Apr 20, 2007

Is a rat! (and maybe is better than it sounds)

I have always been curious about the animals' process of thinking. We know some of them, like dogs, do have dreams, what indicates some level of unconscious.

Recently studies with monkeys and rats made it clear the we know nothing about the potential of the animals' brains.

Case 1: The monkey business

According to Stephen Dubner, author of "Freakonomics", a study (to be featured in his next book) that used capuchin monkeys to examine the psychological effects of money on the animals, had an unexpected turn when they learn to use the money, uhm, let's say, as good as humans. It is worth reading the whole story! Not only is interesting, I bet you will laugh..

Case 2: The rats that know they don't know.

Another study, featured in Newsweek, seems to indicate that the small rodents may have the ability to think about their own thoughts, to engage in self-reflection, to introspect. And know what they don't know.

What reminds me of another study on rats, that show that when rats find 'totally new food' they do not eat it until the food pass what we can call a 'control group' test: some rats are sent to eat that new food and if those rats are alive after some days, just then the whole group would eat it.

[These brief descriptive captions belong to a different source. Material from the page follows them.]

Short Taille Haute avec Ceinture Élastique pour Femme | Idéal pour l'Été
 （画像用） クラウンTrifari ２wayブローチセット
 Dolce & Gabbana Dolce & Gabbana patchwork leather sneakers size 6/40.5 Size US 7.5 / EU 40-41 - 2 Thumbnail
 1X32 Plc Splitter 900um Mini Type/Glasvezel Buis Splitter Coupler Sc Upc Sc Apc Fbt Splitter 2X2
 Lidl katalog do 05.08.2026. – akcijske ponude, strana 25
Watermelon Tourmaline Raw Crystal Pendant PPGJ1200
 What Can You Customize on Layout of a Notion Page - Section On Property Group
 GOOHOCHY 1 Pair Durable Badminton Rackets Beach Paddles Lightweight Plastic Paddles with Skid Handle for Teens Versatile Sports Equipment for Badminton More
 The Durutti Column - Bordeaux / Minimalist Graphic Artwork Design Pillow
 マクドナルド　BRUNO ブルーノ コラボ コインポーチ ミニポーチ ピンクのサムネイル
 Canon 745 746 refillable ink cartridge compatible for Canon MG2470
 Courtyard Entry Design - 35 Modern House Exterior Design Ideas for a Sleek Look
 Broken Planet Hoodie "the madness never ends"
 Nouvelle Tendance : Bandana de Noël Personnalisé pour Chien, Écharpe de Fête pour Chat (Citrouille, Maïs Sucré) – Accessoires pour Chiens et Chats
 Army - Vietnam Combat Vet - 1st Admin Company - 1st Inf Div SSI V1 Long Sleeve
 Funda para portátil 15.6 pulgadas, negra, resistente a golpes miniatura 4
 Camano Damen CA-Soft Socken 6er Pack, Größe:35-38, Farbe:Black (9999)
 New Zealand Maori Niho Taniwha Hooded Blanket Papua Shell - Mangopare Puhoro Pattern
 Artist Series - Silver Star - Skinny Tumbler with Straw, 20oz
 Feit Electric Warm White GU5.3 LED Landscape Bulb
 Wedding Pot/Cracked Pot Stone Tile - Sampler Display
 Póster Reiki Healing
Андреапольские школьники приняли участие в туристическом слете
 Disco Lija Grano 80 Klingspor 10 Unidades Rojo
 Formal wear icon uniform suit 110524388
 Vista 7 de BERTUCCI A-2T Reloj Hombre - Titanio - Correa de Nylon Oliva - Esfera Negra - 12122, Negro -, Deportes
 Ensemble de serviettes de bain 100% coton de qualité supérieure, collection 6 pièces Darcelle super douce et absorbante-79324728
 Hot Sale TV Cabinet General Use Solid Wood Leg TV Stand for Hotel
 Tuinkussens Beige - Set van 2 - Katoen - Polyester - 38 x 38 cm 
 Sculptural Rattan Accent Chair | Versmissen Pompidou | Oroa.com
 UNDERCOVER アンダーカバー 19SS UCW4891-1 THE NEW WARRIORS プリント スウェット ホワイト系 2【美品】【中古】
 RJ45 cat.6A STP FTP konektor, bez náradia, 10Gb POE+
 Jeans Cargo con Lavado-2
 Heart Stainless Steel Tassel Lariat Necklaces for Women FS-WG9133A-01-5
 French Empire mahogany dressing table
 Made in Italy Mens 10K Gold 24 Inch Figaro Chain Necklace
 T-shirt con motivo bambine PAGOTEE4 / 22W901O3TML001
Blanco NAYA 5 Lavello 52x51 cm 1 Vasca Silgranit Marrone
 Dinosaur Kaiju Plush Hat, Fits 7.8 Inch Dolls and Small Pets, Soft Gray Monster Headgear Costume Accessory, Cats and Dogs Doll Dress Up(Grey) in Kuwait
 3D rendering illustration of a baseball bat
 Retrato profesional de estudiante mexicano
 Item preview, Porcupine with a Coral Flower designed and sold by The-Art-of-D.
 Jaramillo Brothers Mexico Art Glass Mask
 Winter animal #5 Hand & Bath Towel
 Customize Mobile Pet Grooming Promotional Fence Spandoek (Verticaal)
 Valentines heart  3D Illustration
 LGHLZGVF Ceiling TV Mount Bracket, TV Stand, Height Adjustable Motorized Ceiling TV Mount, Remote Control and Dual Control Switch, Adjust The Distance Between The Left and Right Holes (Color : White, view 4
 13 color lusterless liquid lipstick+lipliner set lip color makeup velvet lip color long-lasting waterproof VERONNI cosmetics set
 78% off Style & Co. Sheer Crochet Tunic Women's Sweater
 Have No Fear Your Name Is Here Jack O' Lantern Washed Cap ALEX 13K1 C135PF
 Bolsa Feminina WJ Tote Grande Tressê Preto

What so far they don't know is what are the characteristics of the rats sent as control group: would it be the less 'intelligent' ones, the weakest ones and therefore the 'disposable' ones or are they sending the healthier and strongest ones, what would mean that they are willing to sacrifice the best ones to save the group and ergo, the specie?

Me, I like rats. I understand why we should keep them away from home, but each time I see one, I can't help thinking that they have survived because of their intelligence. And I respect intelligence.